FIGURE 6-2 Normal Cluster from QFA (60/0)

FIGURE 6-3 Normal Cluster from K-Means Clustering

FIGURE 6-4 Degree of Normality

Figure 6-5 compares the “normal” patterns from K-Means clustering and QFA, along with the median and the simple historic average. For the AM peak, Figures 6-1 and 6-5 demonstrate that the QFA and Median more closely follow the dense region of the parent dataset, compared to the K-means cluster results. The highest difference between the “normal patterns” of K-Means algorithm and QFA is around 50 vehicles/15-minutes/lane, i.e. 200 vehicles/hour/lane. The simple historic average (SHA) performed much worse than even the K-Means clustering algorithm.

FIGURE 6-5 Comparison of Normal Patterns

Based on the preliminary evaluation, the major strengths and weaknesses of the studied algorithms are summarized as follows:

· K-means clustering declares an entire day of traffic as either normal or abnormal. Such designation poses one of these two problems: First, when only a part of a day is affected, the remaining parts may also be rejected as abnormal.
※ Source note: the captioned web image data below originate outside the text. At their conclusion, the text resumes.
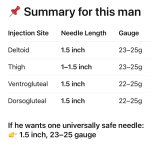 IMG_9392.jpeg IMG_9392.jpeg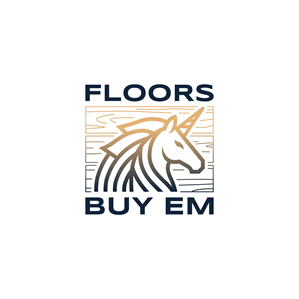 Logo Design by Aljune Castro Designs for this project | Design: #37346392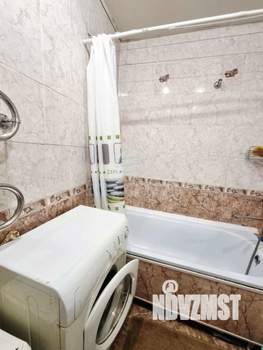 2-к квартира, на длительный срок, 47м2, 3/5 этаж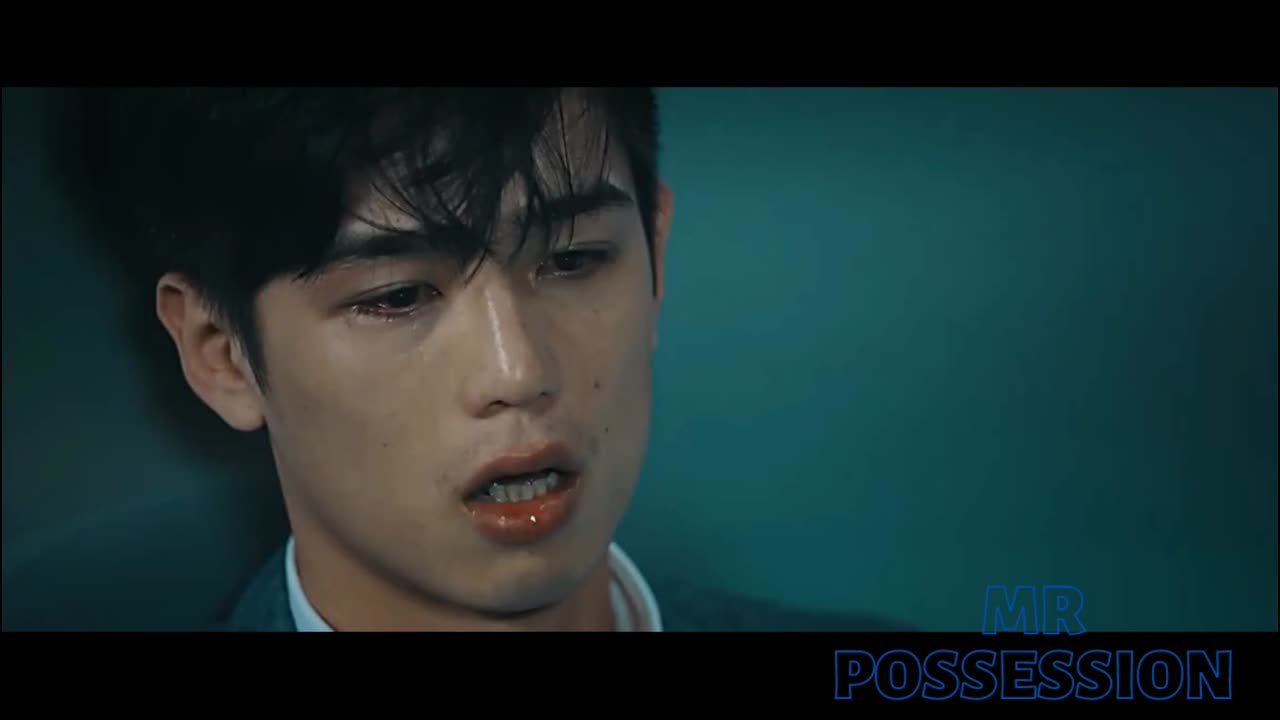 MSwitch #4 (ReUpload)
Second, if such a day is designated as normal, the final normal cluster would be affected by the abnormal parts. In spite of this drawback, the K-means clustering may still be favorable to the simple historic average, which is always biased by every abnormality in the available data.

· In contrast, QFA neither declares an entire day of data as abnormal, nor does it ignore the bias of every abnormality. Instead, QFA uses every data point that falls within a dense cluster, and ignores the rest.

· The median does not use the actual values of most of the data. And this aspect is its strength with most datasets, as the final pattern is unaffected by the presence of a few outliers. However, if a large number of outliers are present in the dataset, the median algorithm would also yield significantly biased results.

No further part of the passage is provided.